Aim of the exercise: When you reach the line containing "316 Watersong Bend Lockhart TX 78644" in the data below, begin returning lines exactly as written, and stop once the line containing "INEI: En el" has been returned.

Supplied material:
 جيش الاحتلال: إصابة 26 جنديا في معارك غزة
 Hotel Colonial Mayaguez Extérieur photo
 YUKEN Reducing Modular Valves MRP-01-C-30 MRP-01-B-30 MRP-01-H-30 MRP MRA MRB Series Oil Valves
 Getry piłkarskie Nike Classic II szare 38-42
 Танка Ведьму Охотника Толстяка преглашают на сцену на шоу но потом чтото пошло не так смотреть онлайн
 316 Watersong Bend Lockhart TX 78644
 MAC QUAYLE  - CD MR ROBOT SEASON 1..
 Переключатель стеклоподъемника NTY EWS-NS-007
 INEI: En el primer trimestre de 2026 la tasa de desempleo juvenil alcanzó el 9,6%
* * *
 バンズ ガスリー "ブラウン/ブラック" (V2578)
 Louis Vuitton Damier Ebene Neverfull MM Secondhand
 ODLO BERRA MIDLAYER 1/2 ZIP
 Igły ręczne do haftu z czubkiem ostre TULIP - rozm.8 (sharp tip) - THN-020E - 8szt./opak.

Result for this task:
 316 Watersong Bend Lockhart TX 78644
 MAC QUAYLE  - CD MR ROBOT SEASON 1..
 Переключатель стеклоподъемника NTY EWS-NS-007
 INEI: En el primer trimestre de 2026 la tasa de desempleo juvenil alcanzó el 9,6%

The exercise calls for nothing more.